I suspect we could put together a pretty solidly designed and managed effort. I'd be impressed if we managed a full eight sightings. I'd be shocked if we were actually competitive for a win. I think kicking ass and not winning is a totally acceptable idea.
posted by cortex at 4:39 PM on November 2, 2009 [7 favorites]


Dash: If you're interested in doing something like this in the UK, then get in touch - I've been planning similar sort of thing for some time, but British (i.e. really cheap and set in a pub).
posted by adrianhon at 4:39 PM on November 2, 2009


Cortex: Mefi is certainly as well-placed to tackle this as any other site, I think (others would include the Straight Dope, Ars Technica, Fark, Something Awful, etc); it has a good mix of very smart and motivated people with a range of skills.
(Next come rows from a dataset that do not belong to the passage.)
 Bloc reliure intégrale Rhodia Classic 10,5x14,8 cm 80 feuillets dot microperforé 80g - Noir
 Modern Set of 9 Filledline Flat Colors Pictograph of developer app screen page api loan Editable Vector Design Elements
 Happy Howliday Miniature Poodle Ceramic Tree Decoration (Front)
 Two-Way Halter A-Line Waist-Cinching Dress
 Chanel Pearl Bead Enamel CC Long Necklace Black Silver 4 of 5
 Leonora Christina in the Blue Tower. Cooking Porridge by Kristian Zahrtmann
Restricting entry to people who signed up just before the competition was announced would absolutely help a lot, although I think we're all aware that there are plenty of spoilers amongst us ;) Still, it shouldn't be too difficult to work out a system to check and corroborate reports. The issue will be whether keeping things restricting outweighs the benefits of being more open (as, say, 10loons appear to be).
posted by adrianhon at 4:44 PM on November 2, 2009


Trying to win this with a secure, closed group is going to be very tricky; it is far too easy for someone to infiltrate an online group and feed in false information.

I think this is right; I also think it's a factor (maybe the only factor?) where we have a competitive advantage. We have a community that is remarkably diverse, for a web-based community, in terms of talent and geographical location. We have some built in controls to keep out the riff-raff (no one who joins after this was posted should get any access). We don't have any red tape, top down institutional bureaucracy that keeps us from getting off the ground in time. We're used to organizing together for little financial gain. We have loyalty to each other-we trust each other the way the SA Goons and 4chan fags(is that right? forgive me, I am not one of them) don't, for example.

I really, REALLY believe that we're as well-positioned as any group out there to do this for little capital. If Google decides to jump in and spend a bunch of money to do it, good for them I guess, but to me that's outside the spirit of the thing. We just have to be better than everyone else, and I think we can be.

Uh, that's my speech.

On preview, yay cortex!
posted by Kwine at 4:45 PM on November 2, 2009


If you can submit ten and only ten locations, you're right-the complexity becomes totally unwieldy. If you can submit arbitrarily more than that, we're ok.

At 12:01 AM on December 5, someone should submit a file containing a list of every valid lat/long combination in the continental US.
posted by ook at 4:48 PM on November 2, 2009 [3 favorites]


I expect that you will only be able to submit ten locations at a time. I doubt they'll only let you submit once, but they'll probably rate-limit submissions to perhaps one every few minutes (that's how I'd design it if I was making this as part of an ARG)
posted by adrianhon at 4:51 PM on November 2, 2009


At 12:01 AM on December 5, someone should submit a file containing a list of every valid lat/long combination in the continental US.

Yeah, I was just thinking of this, and so did you, and that means 5,000 other people did too. Whatever measures are in place, they'll have to disqualify that approach on pain of having a really shitty contest. On the other hand, they can't possibly limit you to ten and only ten guesses...can they? We'll see what they say...
posted by Kwine at 4:53 PM on November 2, 2009


Well, Adrian, if only I had the resources and the, er, global vision that an advanced research projects agency had, then - yes!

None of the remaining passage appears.